In order to arrive at an alternative standard that could be used to test the different inference methods applied to SNPit, we opted for the Human Gene Mutation Database (HGMD) as an alternative standard (version 2009.2) [23]. We chose HGMD because it provides evidence on GWAS SNPs that have been found to be statistically significant through manual curation as well as other SNPs that have been found to be potentially functional due to in vivo techniques.
We faced a similar obstacle in trying to identify a source of true negatives for our SNPit system. We eventually decided to use dbSNP; the version of dbSNP that we used (build 129) shows that out of a total approximate number of human SNPs with rs numbers, only a small percentage had some kind of functional class and were cited in PubMed [24, 25]. This strongly suggests that most of the SNPs found in dbSNP would not have a functional impact, and thus we decided to use dbSNP as our source of true negatives.
5.1. Evaluating Logical Inference of SNPit
To evaluate the ranked lists of SNPs created using logical inference, recall and precision values were measured for our system. We ran 250 random SNPs from HGMD and 250 random SNPs from dbSNP through the SNPit system. The scores from the decision tree were recorded from our sources of true positives and negatives. Recall and precision measures were then taken at 50 level intervals. A receiver operating characteristic (ROC) curve was then created to assess the predictive power of SNPit using logical inference (Figure 12). The ROC curve indicated very good performance in terms of predictive ability. Using the trapezoid rule, the area under the curve (AUC) was found to be 92.4%
The breakdown of the classification groups that make up the logical rules (Figure 13) demonstrates that the majority of SNPs randomly selected from HGMD are classified as “coding SNP, nonsynonymous” and “coding SNP, nonsynonymous, damaging” SNPs.
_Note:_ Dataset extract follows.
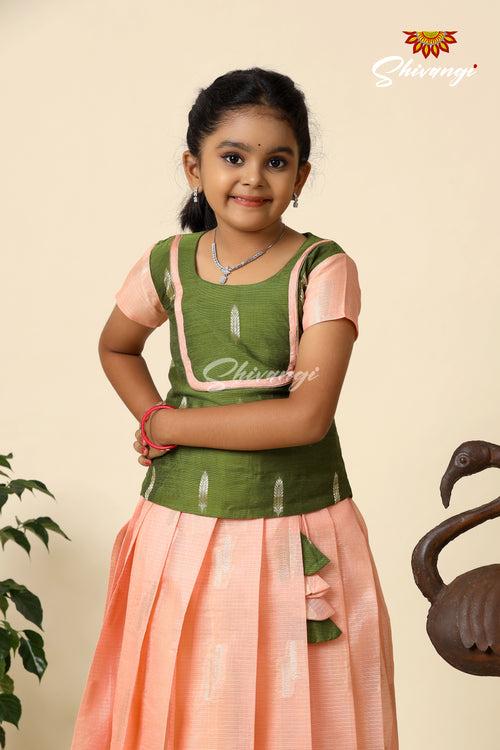 Festive Collection - Kota Leaf Chanderi Pattu Pavadai For Girls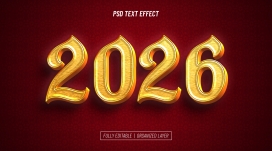 2026 红金纹理文字效果-华丽立体字设计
SNPs randomly selected from dbSNP were mainly classified as “intronic, low evoluntionary conservation”.
5.2. Evaluating Probabilistic Inference of SNPit
To evaluate the list of ranked SNPs produced using probabilistic inference, we again measured the recall and precision values of our ranked list. We used the 250 random SNPs from HGMD and another 250 random SNPs from dbSNP as our sources for true postives and true negatives. When the ROC curve was created for this version of our SNPit system, we found that probabilistic inference performed moderately well. The ROC curve did extend beyond the diagonal towards the upper left corner and the AUC was 68.11% (Figure 14). When we randomly split our 500 test SNPs for the probabilistic method into 10 sets of 50, we found that the average ROC is 0.68904, the 95% confidence interval is (0.626630788, 0.751449212).
The break down of the categories that provide information for probabilistic inference reveals that randomly selected SNPs from HGMD provide more information from the SIFT and BDGP data sources, which provide nonsynonymous and splice site predictions. Information from data sources related to evolutionary conservation, transcription factor binding sites, and linkage disequilibrium provided approximately equivalent levels of information for SNPs randomly selected from HGMD and dbSNP (Figure 15).
5.3. Evaluating Logical and Probabilistic Inference of SNPit
Evaluation of the logical and probabilistic inference component of SNPit followed the same procedures as described in sections 5.1 and 5.2. ROC curves were created for all five methods of combining the scores previously detailed in section 4.3. The ROC curves for all five combination methods demonstrated good predictive ability as it curves towards the top left corner of the graph; notably, the customized probabilistic score multiplied by the logical score performed the best (Figure 16). The method that performed the best, the SNPit customized probabilistic metric multiplied by the logical metric, had an area under the curve of 90.25% (Figure 17).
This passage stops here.